Apple a présenté ses deux nouveaux modèles : l'iPhone 6 et l'iPhone 6 Plus. Deux smartphones immédiatement consacrés par la critique et les chiffres.
Pour le Wall Street Journal, l'iPhone 6 est « le plus confortable des smartphones », pour TechCrunch il s'agit du « meilleur smartphone disponible sur le marché » et l'iPhone 6 Plus est qualifié de « téléphone impressionnant et désirable ».
Des commentaires auxquels les acheteurs ont emboîté le pas : en un week-end les ventes des deux nouveaux smartphones ont dépassé les 10 millions d'exemplaires.

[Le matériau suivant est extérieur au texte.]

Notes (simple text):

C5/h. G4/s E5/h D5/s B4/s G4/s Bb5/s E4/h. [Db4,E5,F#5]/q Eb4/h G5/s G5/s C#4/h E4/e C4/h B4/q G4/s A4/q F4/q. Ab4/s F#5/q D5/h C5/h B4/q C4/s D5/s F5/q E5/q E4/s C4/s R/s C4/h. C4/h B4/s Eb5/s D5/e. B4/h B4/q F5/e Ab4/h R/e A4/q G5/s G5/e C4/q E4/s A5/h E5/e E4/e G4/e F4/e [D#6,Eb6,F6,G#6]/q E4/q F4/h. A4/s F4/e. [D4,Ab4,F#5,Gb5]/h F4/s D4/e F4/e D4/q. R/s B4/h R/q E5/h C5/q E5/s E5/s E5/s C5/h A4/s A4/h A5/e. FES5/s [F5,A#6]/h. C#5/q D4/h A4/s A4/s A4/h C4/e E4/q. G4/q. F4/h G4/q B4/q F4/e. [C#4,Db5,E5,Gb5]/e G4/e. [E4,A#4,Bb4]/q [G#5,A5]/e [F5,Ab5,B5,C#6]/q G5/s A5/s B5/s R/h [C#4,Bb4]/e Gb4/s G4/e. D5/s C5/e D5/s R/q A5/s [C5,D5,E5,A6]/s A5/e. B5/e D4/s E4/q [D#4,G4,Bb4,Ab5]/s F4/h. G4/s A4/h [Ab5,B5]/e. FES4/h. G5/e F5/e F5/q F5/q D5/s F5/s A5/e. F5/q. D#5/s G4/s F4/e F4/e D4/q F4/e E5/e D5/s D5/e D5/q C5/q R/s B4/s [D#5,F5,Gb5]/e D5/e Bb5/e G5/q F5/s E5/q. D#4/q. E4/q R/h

Soit le meilleur lancement commercial de l'histoire d'Apple !
Alors qu'un examen rapide de cette compilation de faits et de chiffres peut donner l'impression qu'Apple reste la locomotive de l'innovation, une analyse attentive de l'évolution du secteur et de la place des créations d'Apple dans celle-ci donne le sentiment contraire. Un sentiment dont les marchés ont été les premiers témoins. En effet juste après l'annonce des iPhones 6 et 6 Plus, le cours de l'action d'Apple a littéralement chuté sanctionnant manifestement une mauvaise nouvelle.
Laquelle ? La confirmation que la plus grosse capitalisation boursière au monde est devenue un suiveur de tendances !
Eu égard aux excellents résultats commerciaux enregistrés à ce jour, n'est-il pas excessif d'analyser la séquence récente comme celle de l'arrêt de l'innovation véritable chez Apple ?
Non. Car même avec le lancement de la phablette, de l'intégration de la fonctionnalité NFC, et de l'Apple Watch, la firme de Cupertino n'a pas créé de rupture sur son marché comme elle l'avait fait en inventant l'iPhone ou l'App Store. Elle s'est limitée à entériner trois tendances du marché.
Les phablettes
Les phablettes, à mi-chemin entre le smartphone et la tablette, connaissent un impressionnant succès à travers le monde et leur croissance ne semble pas prête de s'arrêter. La revue de référence, BI Intelligence annonce même qu'il s'agit de la catégorie de smartphones avec le taux de croissance le plus fort et que ses ventes passeront de 35% cette année, à 59% des ventes totales de smartphones en 2019. En lançant son iPhone 6 Plus, la firme à la pomme croquée s'est donc contentée de s'engouffrer dans une voie prometteuse sans innover. Soit une rupture non pas avec le marché mais avec Steve Jobs et sa réticence aux phablettes.
La technologie NFC
Depuis 2011, la technologie NFC est intégrée dans les smartphones. HTC, Huawei, Nokia, Samsung… A l'exception d'Apple quasiment tous les fabricants ont embrassé cette innovation depuis des années. Les chiffres sont éloquents : des puces NFC ont été implantées dans 300 millions de smartphones l'an passé, soit le tiers environ de la totalité des combinés livrés. Comme dans le cas de la phablette, Apple a suivi la tendance au moment où celle-ci semblait la plus mûre. A défaut d'avoir initié le mouvement, Apple se contentera donc d'être celui qui va permettre sa démocratisation.
Les montres connectées
Avec 70% des ventes, Samsung règne sur le marché de la montre connectée. En un an le principal rival d'Apple a conçu trois modèles. Grâce à ce rythme frénétique le sud-Coréen a pris une avance certaine sur son meilleur ennemi dans un marché embryonnaire mais prometteur : deux millions de montres connectées ont été vendues en 2013 et le secteur devrait progresser de 500% cette année selon Strategic Analytics. Afin de ne pas être irrémédiablement distancé, Apple a présenté en toute hâte sa Apple Watch. En toute hâte car la Apple Watch annoncée en Septembre ne sera disponible que “début 2015”.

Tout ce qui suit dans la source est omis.